▶ _Work item_
Find the line below with "appartamento in vendita" and the line with "Set aus Gänseblümchen Perlenarmbändern". Output exactly those lines and everything between them, leaving out the pictures.

▶ _Records shown_
---
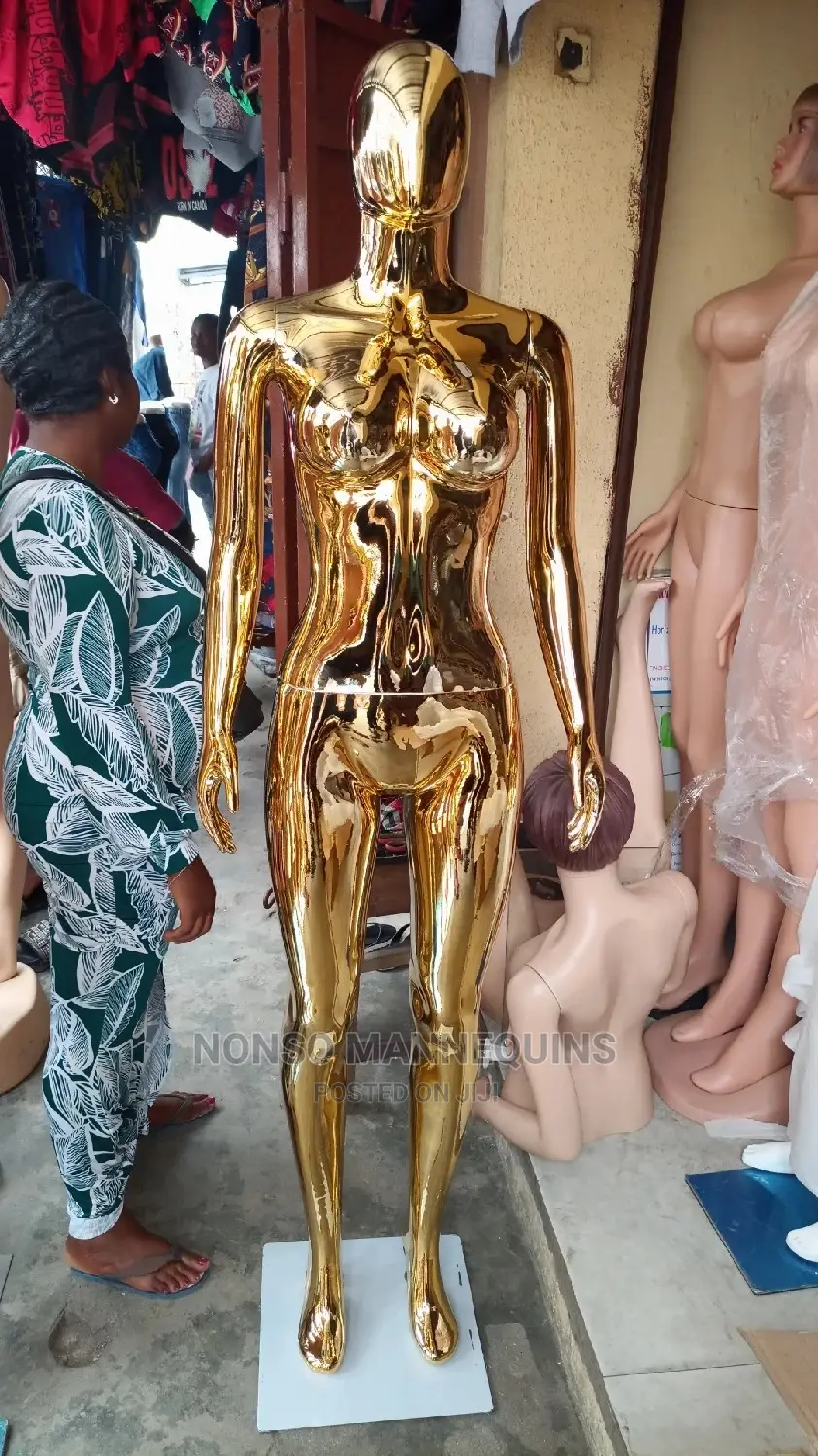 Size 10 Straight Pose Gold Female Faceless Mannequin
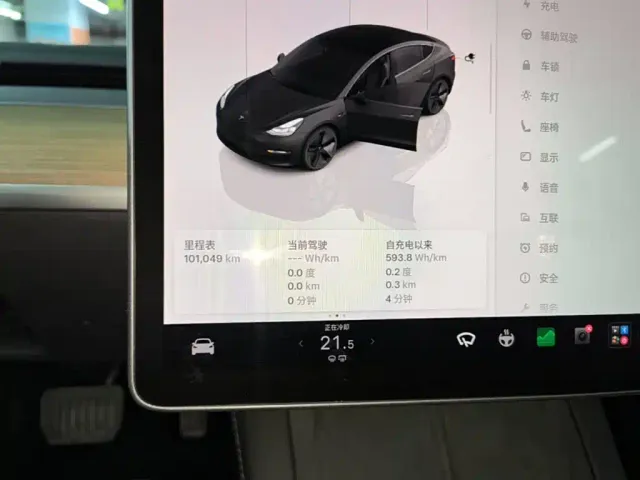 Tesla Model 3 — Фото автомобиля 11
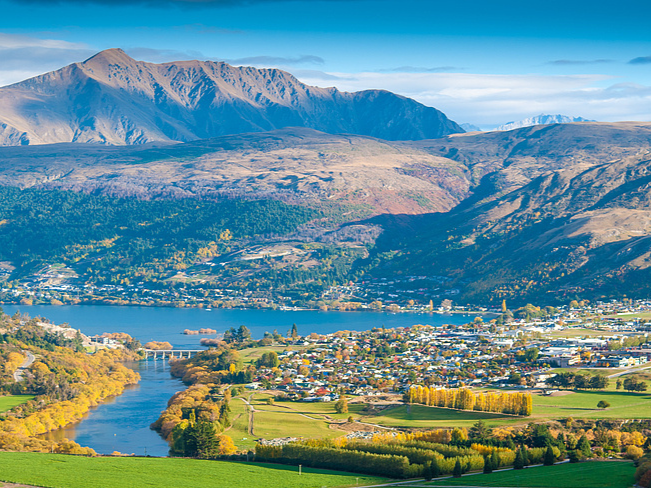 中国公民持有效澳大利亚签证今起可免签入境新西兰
---
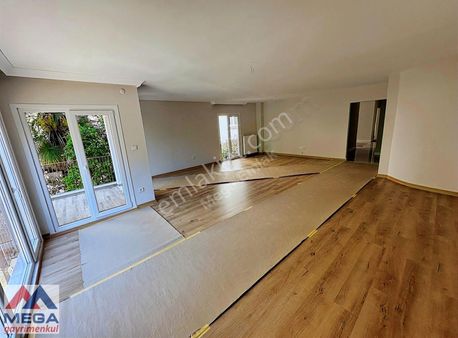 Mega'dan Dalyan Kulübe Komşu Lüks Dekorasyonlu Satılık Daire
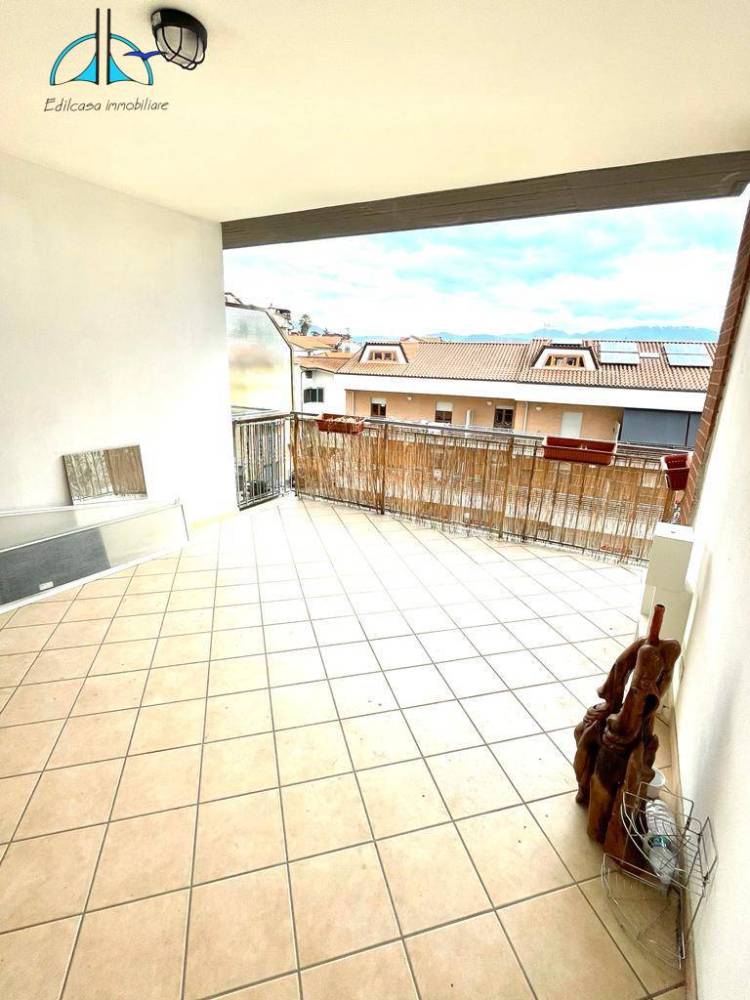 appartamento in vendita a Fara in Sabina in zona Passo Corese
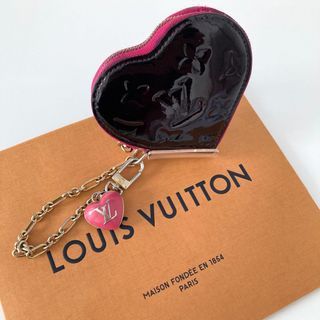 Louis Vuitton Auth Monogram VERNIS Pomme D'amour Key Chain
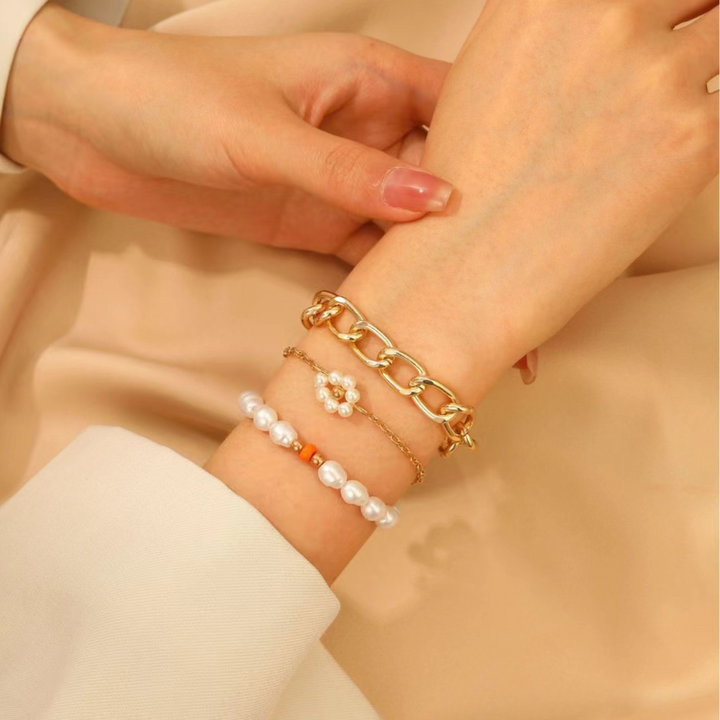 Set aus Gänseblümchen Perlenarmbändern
---
▶ _Answer section_
 appartamento in vendita a Fara in Sabina in zona Passo Corese
 Louis Vuitton Auth Monogram VERNIS Pomme D'amour Key Chain
 Set aus Gänseblümchen Perlenarmbändern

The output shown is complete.